--- Supplied data Enclosed Below ---
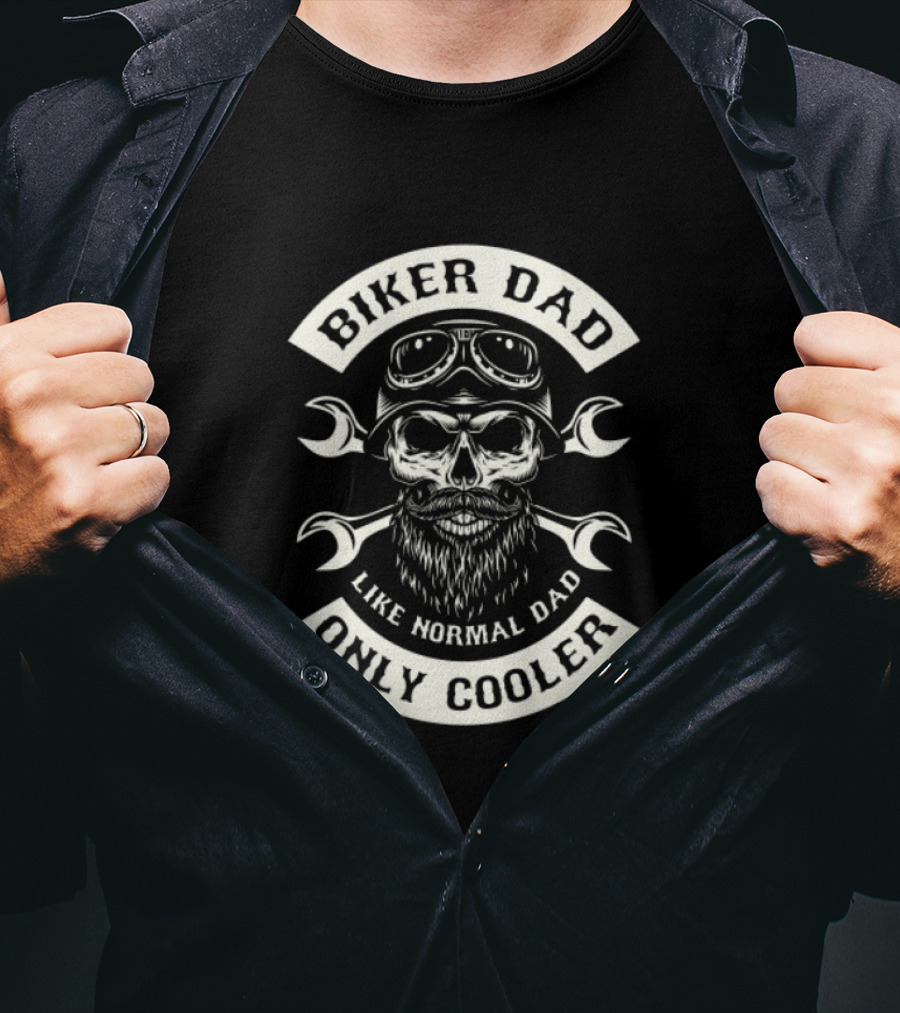 Biker Dad Like Normal Dad Only Cooler Skull With Wrenches And Goggles T-Shirt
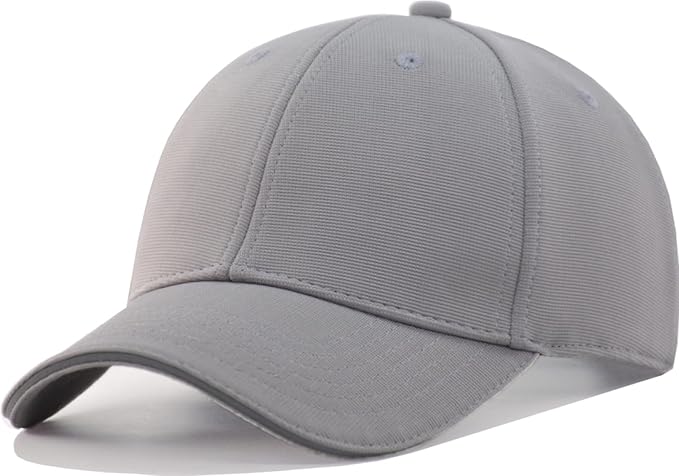 TSSGBL Men's Plain Baseball Hat - OSFM & XXL Big Head Fit，Adjustable Structured Ball Cap with Reflective Sandwich Brim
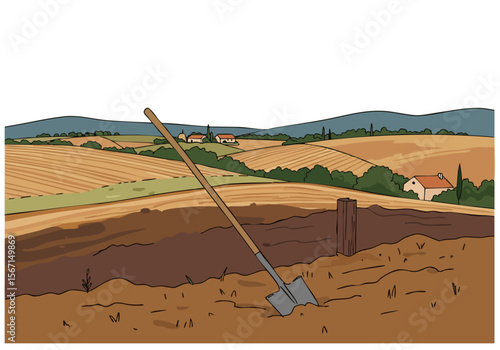 A farmer works in a field with a shovel. Rolling hills and a rustic barn create a peaceful rural scene. Perfect for nature, agriculture, or lifestyle imagery.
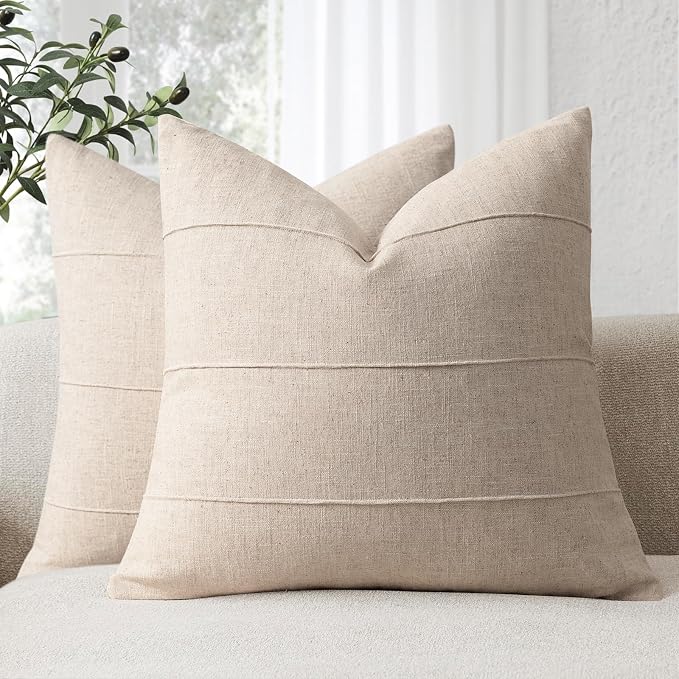 Decorative Linen Throw Pillow Covers 22x22 Set of 2 Solid handcrafted Striped Throw Pillows for Bed Soft Modern Farmhouse Neutral Pillowcase for Couch Bedroom Living Room Home Decor(Natural Beige)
--- End of Enclosed Supplied data ---
Exercise objective
Please give the material above again in full, with no pictures in your version.

Response to this task
 Biker Dad Like Normal Dad Only Cooler Skull With Wrenches And Goggles T-Shirt
 TSSGBL Men's Plain Baseball Hat - OSFM & XXL Big Head Fit，Adjustable Structured Ball Cap with Reflective Sandwich Brim
 A farmer works in a field with a shovel. Rolling hills and a rustic barn create a peaceful rural scene. Perfect for nature, agriculture, or lifestyle imagery.
 Decorative Linen Throw Pillow Covers 22x22 Set of 2 Solid handcrafted Striped Throw Pillows for Bed Soft Modern Farmhouse Neutral Pillowcase for Couch Bedroom Living Room Home Decor(Natural Beige)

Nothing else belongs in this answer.